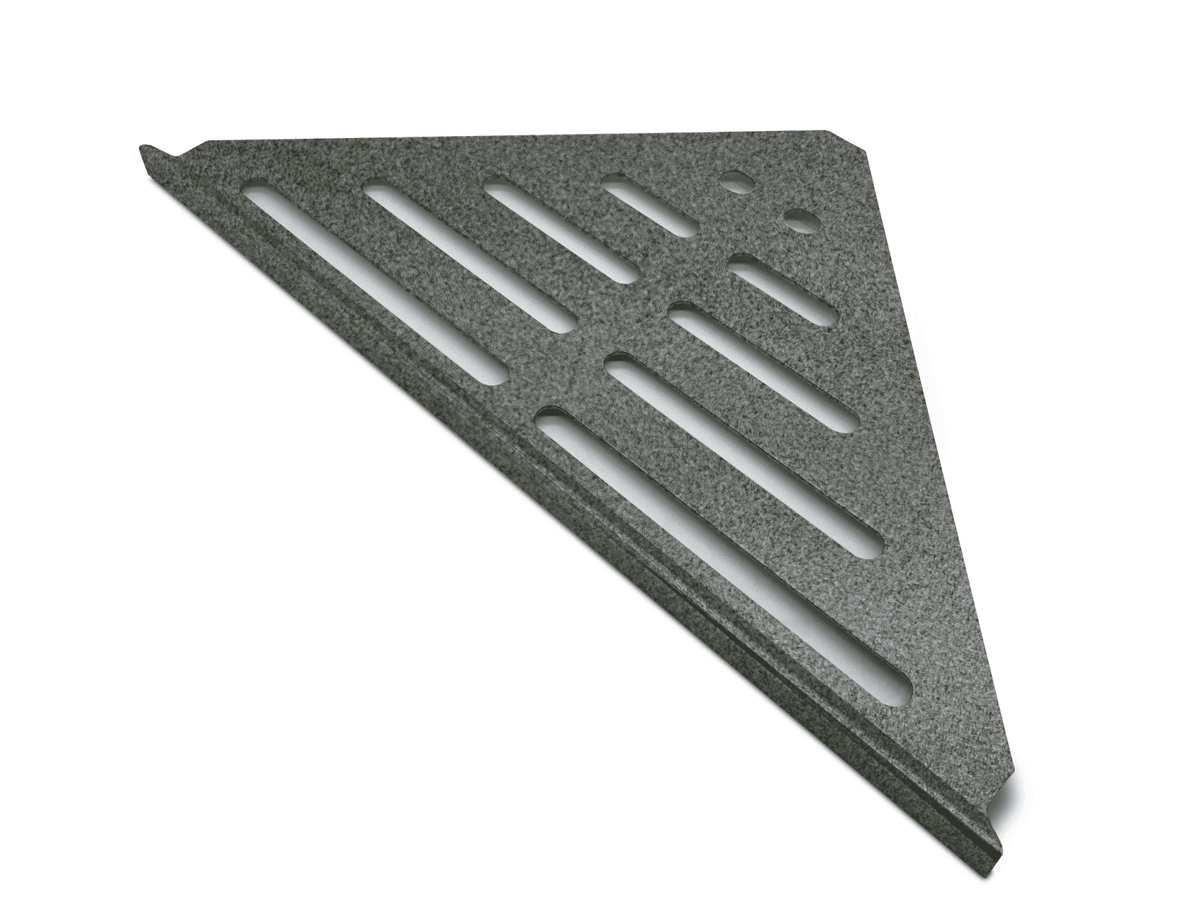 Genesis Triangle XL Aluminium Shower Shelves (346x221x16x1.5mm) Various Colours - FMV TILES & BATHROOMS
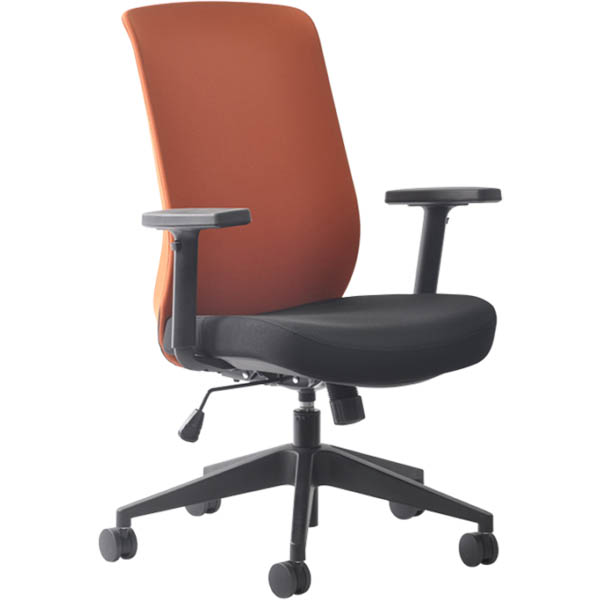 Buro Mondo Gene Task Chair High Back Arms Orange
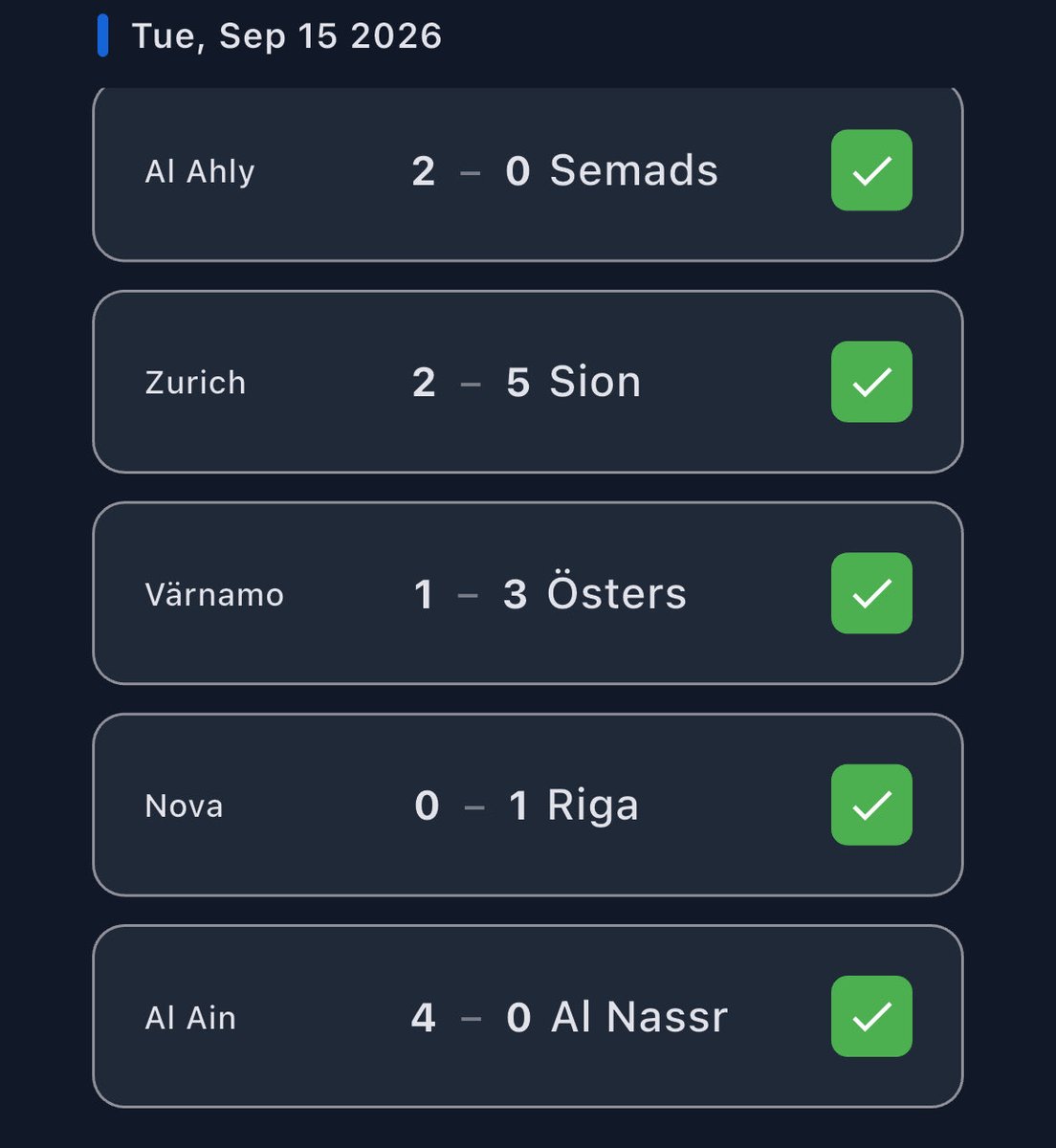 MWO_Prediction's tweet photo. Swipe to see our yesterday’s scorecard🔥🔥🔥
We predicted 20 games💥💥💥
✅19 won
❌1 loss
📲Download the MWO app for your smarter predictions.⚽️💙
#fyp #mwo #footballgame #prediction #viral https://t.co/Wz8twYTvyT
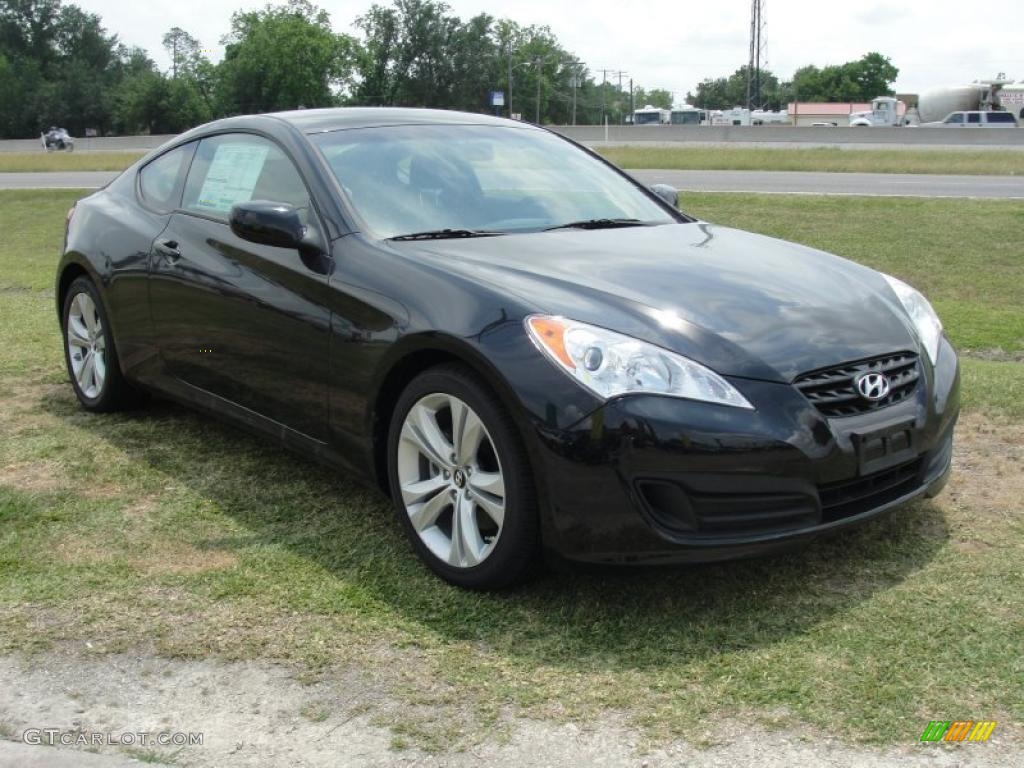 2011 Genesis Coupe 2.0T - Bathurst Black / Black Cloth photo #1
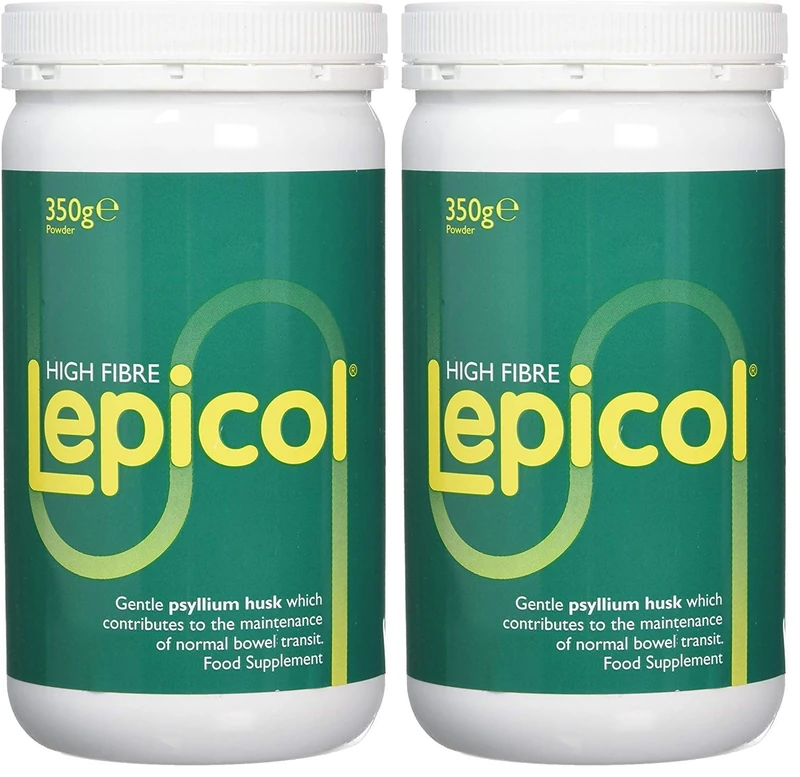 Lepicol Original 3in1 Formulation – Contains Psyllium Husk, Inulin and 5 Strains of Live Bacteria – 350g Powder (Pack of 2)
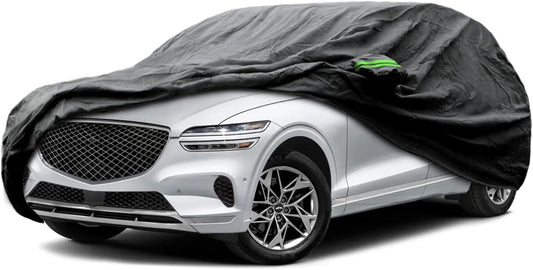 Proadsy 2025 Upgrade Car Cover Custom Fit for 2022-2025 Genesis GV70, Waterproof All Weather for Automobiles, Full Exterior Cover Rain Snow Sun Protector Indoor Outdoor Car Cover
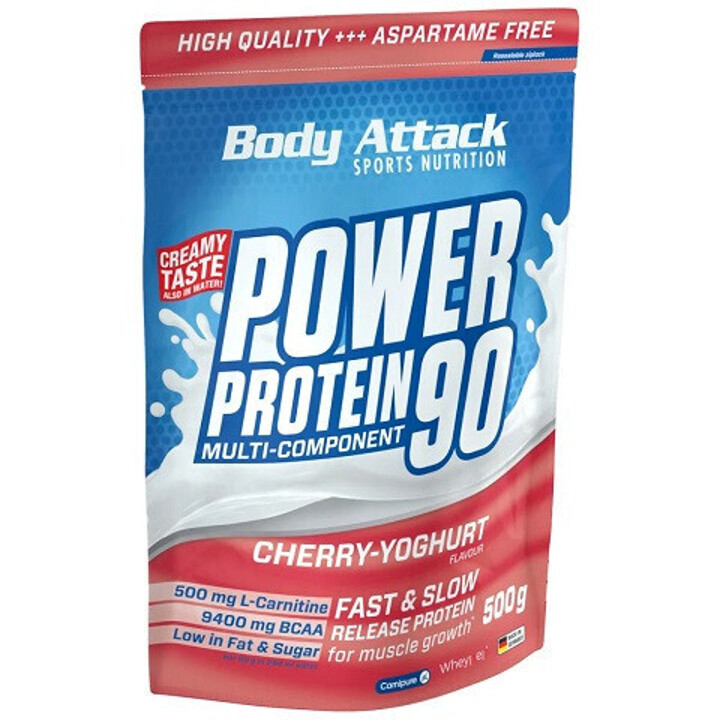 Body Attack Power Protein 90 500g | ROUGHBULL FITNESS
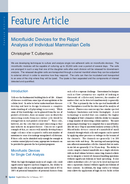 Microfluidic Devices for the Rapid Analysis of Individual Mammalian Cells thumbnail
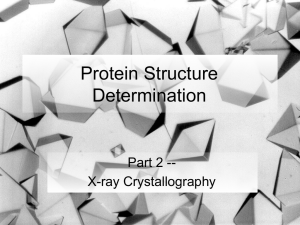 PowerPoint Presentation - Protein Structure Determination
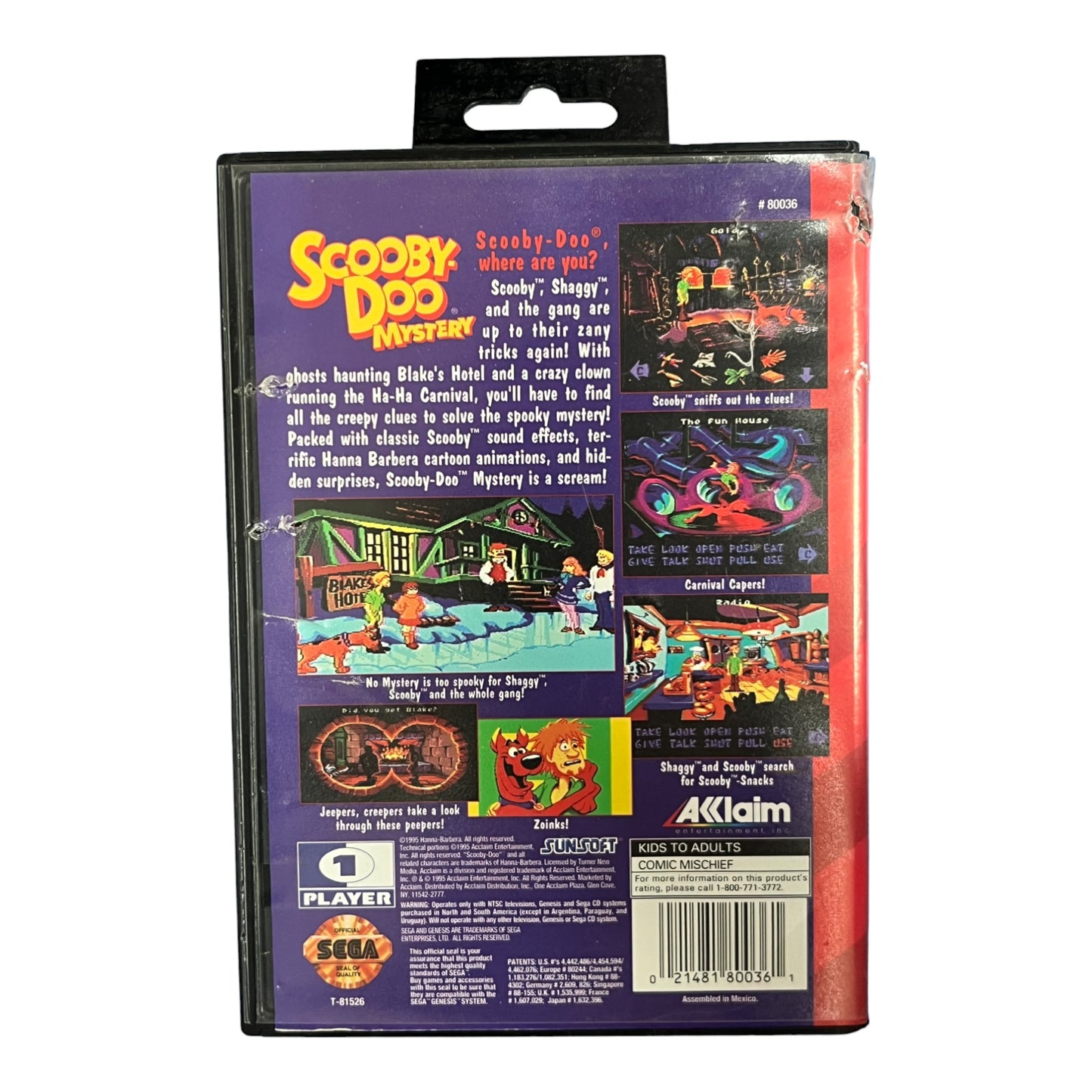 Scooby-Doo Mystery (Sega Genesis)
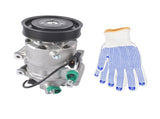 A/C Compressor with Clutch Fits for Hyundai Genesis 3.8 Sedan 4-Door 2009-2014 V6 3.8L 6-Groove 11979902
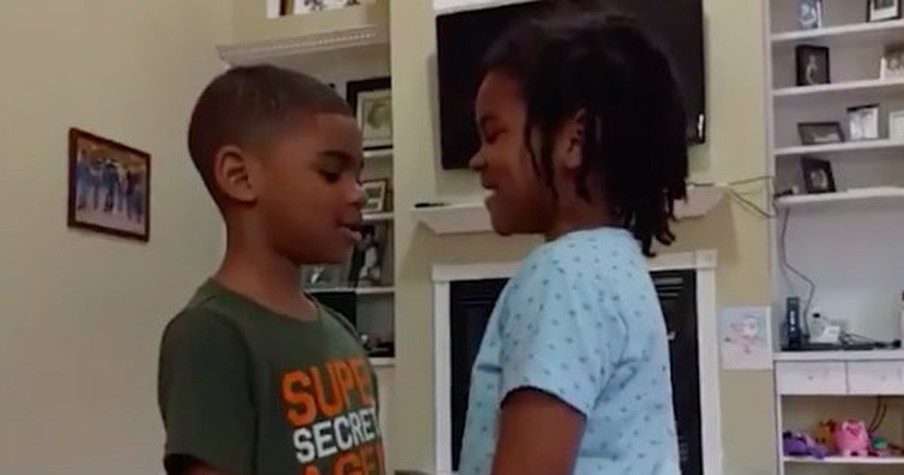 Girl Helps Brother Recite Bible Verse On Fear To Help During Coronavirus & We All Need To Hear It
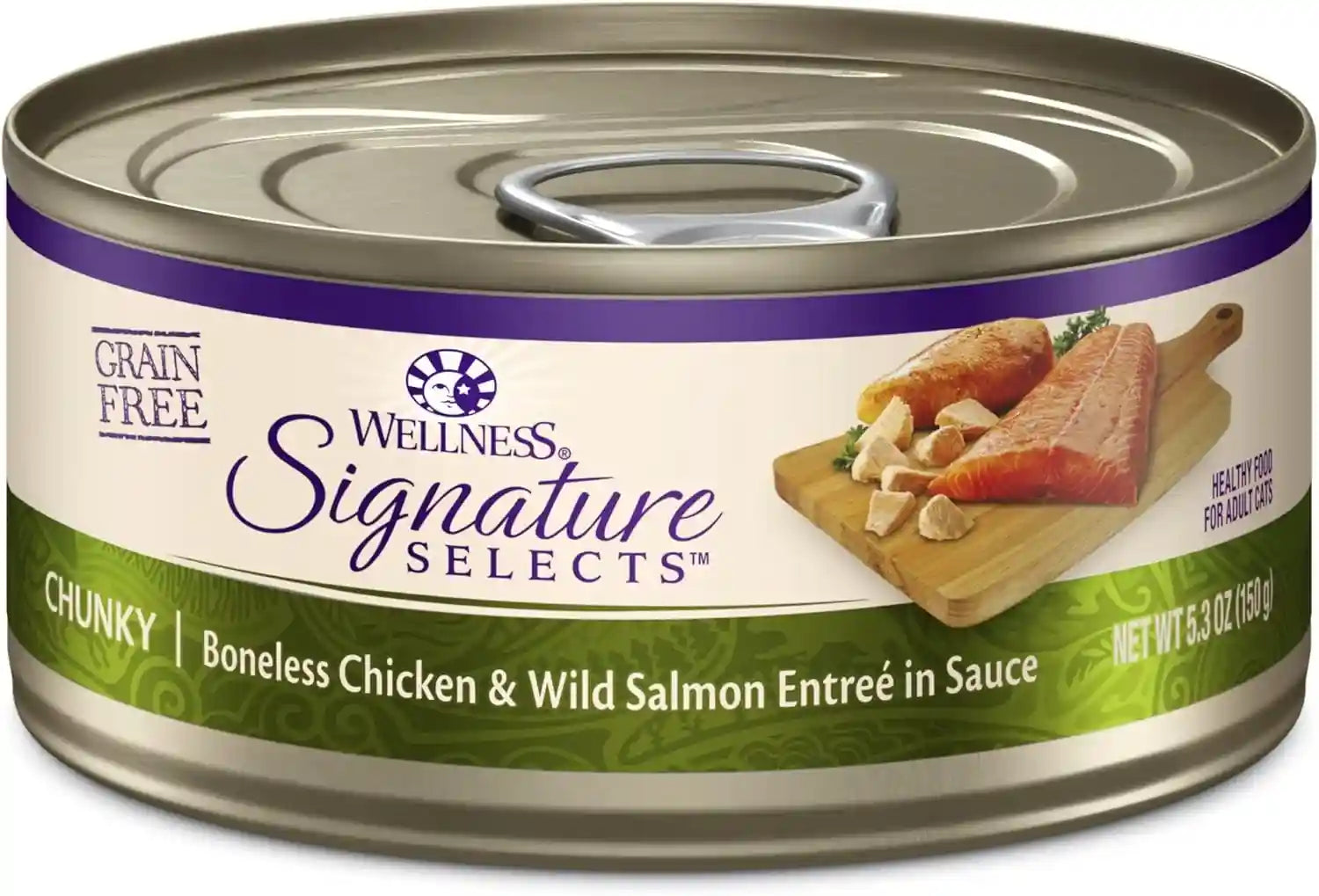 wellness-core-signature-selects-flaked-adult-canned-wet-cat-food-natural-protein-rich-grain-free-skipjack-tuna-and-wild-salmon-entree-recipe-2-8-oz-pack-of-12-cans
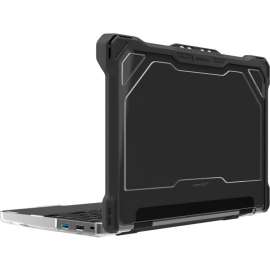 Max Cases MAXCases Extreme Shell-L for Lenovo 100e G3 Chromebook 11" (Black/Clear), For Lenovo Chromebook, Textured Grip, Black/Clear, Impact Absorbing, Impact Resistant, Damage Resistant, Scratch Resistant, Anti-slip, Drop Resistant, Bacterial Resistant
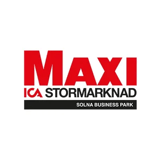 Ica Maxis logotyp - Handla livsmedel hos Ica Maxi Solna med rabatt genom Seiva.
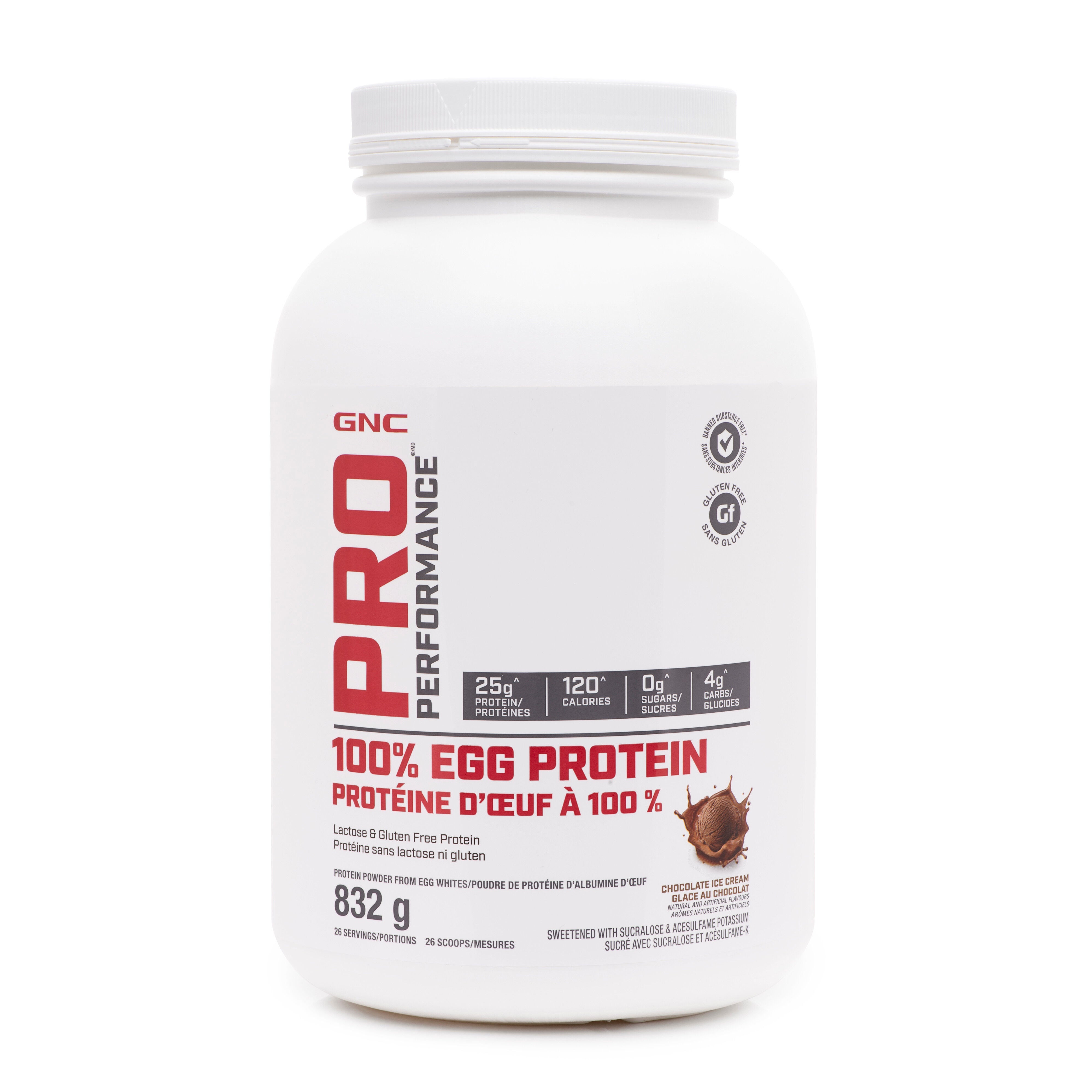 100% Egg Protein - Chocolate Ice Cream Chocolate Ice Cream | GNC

* * * * * * *

Give back every line of the material above word for word, leaving out the pictures.

 Genesis Triangle XL Aluminium Shower Shelves (346x221x16x1.5mm) Various Colours - FMV TILES & BATHROOMS
 Buro Mondo Gene Task Chair High Back Arms Orange
 MWO_Prediction's tweet photo. Swipe to see our yesterday’s scorecard🔥🔥🔥
We predicted 20 games💥💥💥
✅19 won
❌1 loss
📲Download the MWO app for your smarter predictions.⚽️💙
#fyp #mwo #footballgame #prediction #viral https://t.co/Wz8twYTvyT
 2011 Genesis Coupe 2.0T - Bathurst Black / Black Cloth photo #1
 Lepicol Original 3in1 Formulation – Contains Psyllium Husk, Inulin and 5 Strains of Live Bacteria – 350g Powder (Pack of 2)
 Proadsy 2025 Upgrade Car Cover Custom Fit for 2022-2025 Genesis GV70, Waterproof All Weather for Automobiles, Full Exterior Cover Rain Snow Sun Protector Indoor Outdoor Car Cover
 Body Attack Power Protein 90 500g | ROUGHBULL FITNESS
 Microfluidic Devices for the Rapid Analysis of Individual Mammalian Cells thumbnail
 PowerPoint Presentation - Protein Structure Determination
 Scooby-Doo Mystery (Sega Genesis)
 A/C Compressor with Clutch Fits for Hyundai Genesis 3.8 Sedan 4-Door 2009-2014 V6 3.8L 6-Groove 11979902
 Girl Helps Brother Recite Bible Verse On Fear To Help During Coronavirus & We All Need To Hear It
 wellness-core-signature-selects-flaked-adult-canned-wet-cat-food-natural-protein-rich-grain-free-skipjack-tuna-and-wild-salmon-entree-recipe-2-8-oz-pack-of-12-cans
 Max Cases MAXCases Extreme Shell-L for Lenovo 100e G3 Chromebook 11" (Black/Clear), For Lenovo Chromebook, Textured Grip, Black/Clear, Impact Absorbing, Impact Resistant, Damage Resistant, Scratch Resistant, Anti-slip, Drop Resistant, Bacterial Resistant
 Ica Maxis logotyp - Handla livsmedel hos Ica Maxi Solna med rabatt genom Seiva.
 100% Egg Protein - Chocolate Ice Cream Chocolate Ice Cream | GNC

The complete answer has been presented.